In a large saucepan, combine the coconut milk and sugar, and bring almost to boil, stirring to dissolve the sugar. Add the cooked rice, vanilla, and salt, and simmer over medium-low heat for 15 minutes, or until desired consistency is reached, stirring occasionally. Set aside to cool. Spoon a small amount of the rice into the bottom of 4 clear dessert or parfait glasses (wine glasses are good for this). Top each with a layer of chopped mango, followed by another layer of rice, until the ingredients are used up (or the glasses are nearly full). Sprinkle the tops with the crushed nuts. Refrigerate until serving time. Serve chilled.

Serves 4


Vegan Without Borders – Today’s the Day!


Today is the day that my new book, Vegan Without Borders, officially hits the shelves and I couldn’t be more thrilled.  I don’t like to play favorites, but this book is forcing me to do so.  For one thing, it’s a gorgeous hardcover filled with gorgeous photos by the super-talented Sara Remington. For another, it’s  beautifully designed and filled with some of my favorite recipes in the world — with an emphasis on world, since the book is like a culinary tour of the most flavorful cuisines on earth.  Each section gives you several recipes from each region — kind of like having several “mini cookbooks” from around the world, all in one book.  As an example, the French section of the book contains the following recipes:

Brandy-Laced Onion Soup
Pâté au Champignon
Portobellos with Béarnaise Sauce
Potato Gratin Dauphinoise
Green Beans Provençal
Vegetable Pan Bagnat
Roasted Ratatouille with Basil Pistou
Mousse au Chocolat

Because we’re still enjoying the last of the summer produce, I thought I’d share the recipe for Roasted Ratatouille with Basil Pistou. Roasting the vegetables in this classic French mélange deliciously intensifies the flavor of the dish which is further enhanced by the addition of basil pistou. It’s delicious on its own or served with a warm crusty baguette. I hope you enjoy this recipe (and the rest of the book!) as much as I do.

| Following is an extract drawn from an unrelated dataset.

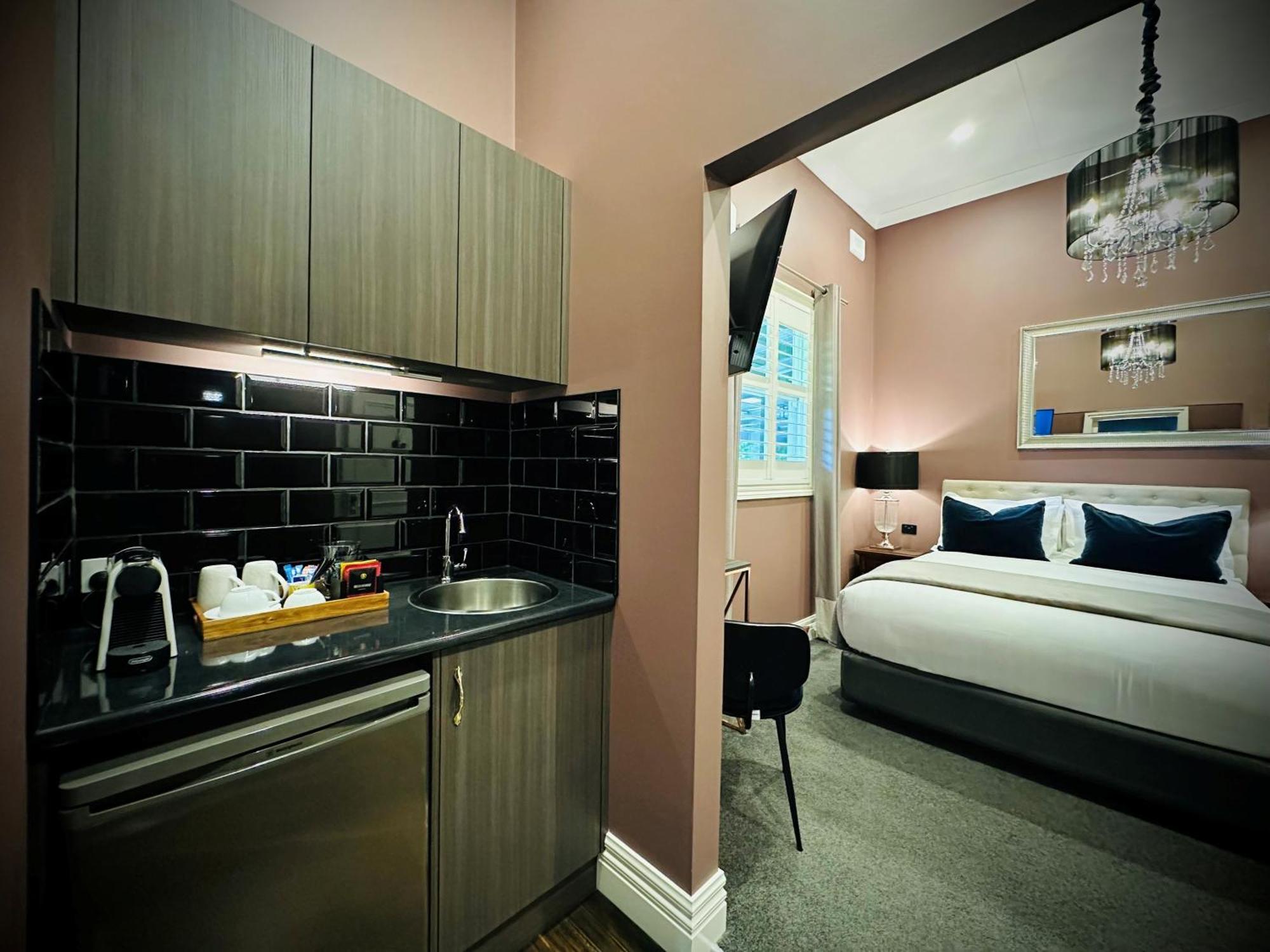 Queen Room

Roasted Ratatouille with Basil Pistou
from Vegan Without Borders by Robin Robertson (c) 2014, Andrews McMeel Publishing.

1 large yellow onion, chopped
1 eggplant, peeled and cut into 1/2-inch dice
2 zucchini, halved lengthwise and cut into 1/4-inch slices
1 red bell pepper, seeded and chopped
2 cups cherry or grape tomatoes, halved lengthwise
3 cloves garlic cloves, chopped
1 teaspoon dried thyme
1 teaspoon dried marjoram
1/2 teaspoon dried oregano
Salt and freshly ground black pepper
2 tablespoons olive oil
3 tablespoons Basil Pistou (recipe follows)
2 tablespoons chopped fresh flat-leaf parsley

Preheat the oven to 425 degrees F. Lightly oil a large baking dish or roasting pan.
In a large bowl combine the onion, eggplant, zucchini, bell pepper, tomatoes, and garlic. Sprinkle on the thyme, marjoram, and oregano and season generously with salt and pepper to taste. Drizzle on the oil and toss to combine. Spread the vegetable mixture into a large baking pan. Roast until the vegetables are tender, about 45 minutes, turning once or twice to cook evenly. To serve, transfer to a serving bowl, add the pistou and parsley and toss to combine. Serve hot.
Serves 4 to 6

Basil Pistou
Pistou is the French version of basil pesto. Made without cheese or pine nuts, pistou can be used in the same ways as pesto: as a pasta sauce, in salad dressings or soups, or to flavor vegetable dishes, as it does in the Roasted Ratatouille. Best of all, it freezes well, so portion it into 1- or 2-tablespoon amounts and freeze for later use.

2 cups packed fresh basil leaves
4 cloves garlic cloves, chopped
1/4 cup olive oil
1/2 teaspoon salt
A few grinds of freshly ground black pepper

In a food processor, combine the basil leaves, garlic, olive oil, salt, and pepper. Process until thoroughly blended, scraping down the sides as needed. Transfer to a container with a tight-fitting lid. Use immediately or cover and refrigerate until needed.